# Shrek 20th anniversary!



## Olorgando (Apr 22, 2021)

Well, everybody's favorite ogre has his 20th anniversary (OK, *my* favorite ogre, anyway ... 😁 )
And Donkey is one of Eddie Murphy's absolutely stellar performances - and kudos to the animators at having captured Eddie's performance, matching his voice perfectly.
Cameron Diaz as Princess Fiona is right up there with Eddie, as is Mike Myers as Shrek.
The franchise (4 films so far) also held up better, for my taste, than some other CG franchises that started at about the time, 2001.
"Ice Age" started in 2002 with that stunning first film, two and three were also amusing, but four lost it for me.
Ah, "Madagascar" was a later entry, at 2005. And visually closer to traditional cartoons. The three parts held up quite well, too.
"Finding Nemo" was from 2003.
Oh, "Antz" even predates Shrek, at 1998; "A Bug's Life" too, from the same year.
"Monsters, Inc." is from 2001 like Shrek.
And "Chicken Run", with that adorable stop-motion technology, is a year earlier, 2000.
(If you're wondering how I selected the titles - easy, from my DVD collection).
Anyway, every single one of them is a quest story.
So, Shrek (et al) fans, what are your thoughts?


----------



## Erestor Arcamen (Apr 22, 2021)

Love it, the soundtrack is fabulous and the humor never gets old to me. I'm a huge fan of Pixar's movies such as Toy Story and A Bug's Life but Shrek is one non-Disney animated movie that I also really enjoy.


----------



## Olorgando (Apr 22, 2021)

One of my favorite scenes from the first film is when Shrek, Fiona and Donkey meet that dubious Robin Hood (with a French accent) and his Merry Men - and Fiona mops the (forest) floor with the lot.
Oh.
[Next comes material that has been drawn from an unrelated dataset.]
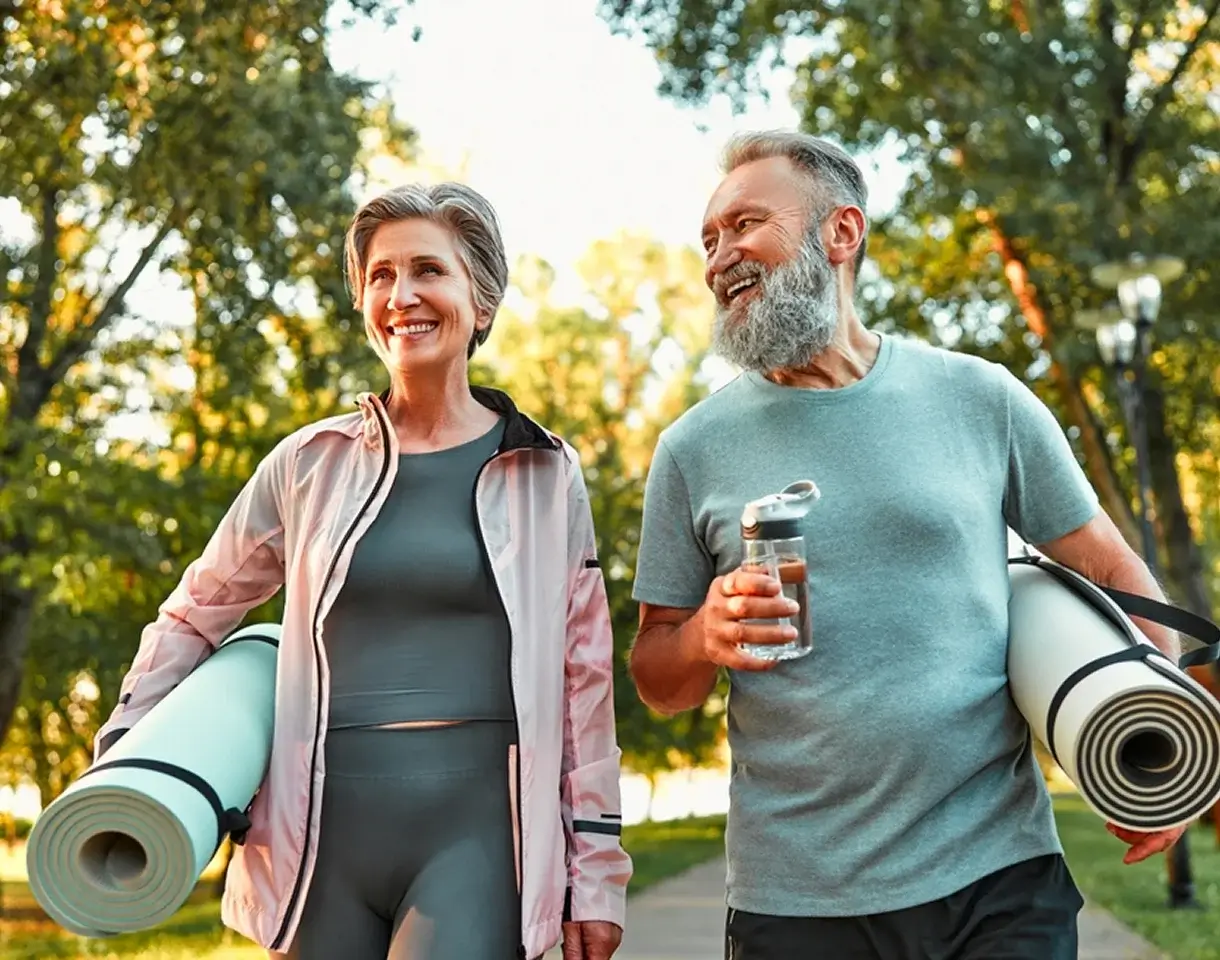 Active older couple carrying yoga mats and water outdoors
That's to be had as a clip, too:






😂😂😂😂😂

The music in the Shrek franchise is without peer, as far as memory serves. Leonard Cohen's "Hallelujah" in the first movie ...

But my absolutely favorite scene is from film 3, where the princesses decide to attack the castle occupied by Prince "Charming".
That switch from *über*-Disney to Led Zeppelin's "Immigrant Song", and those cutie critters suddenly looking like escapees from Stephen King's "Pet Sematary" - priceless!

But look for yourselves:


----------



## Squint-eyed Southerner (Apr 22, 2021)

Yeah, Shrek's great. I admit I was dubious at at first, but. . .


----------



## Olorgando (Apr 22, 2021)

As a reluctant hero, he does share some characteristics with Bilbo.


----------



## Starbrow (Apr 22, 2021)

Who can forget Puss in Boots?


----------



## Olorgando (Apr 23, 2021)

One thing the "Shrek" franchise has in common with the "Madagascar" franchise:
Supporting characters Like Puss in Boots and those nutty Penguins got spin-off TV series - oh, and that even nuttier lemur King Julien too. 😂


----------



## Erestor Arcamen (Jul 2, 2021)

Recently this popped up on my timeline, confirming that Shrek is dark #childhoodruined


https://imgur.com/zDWqoUr


----------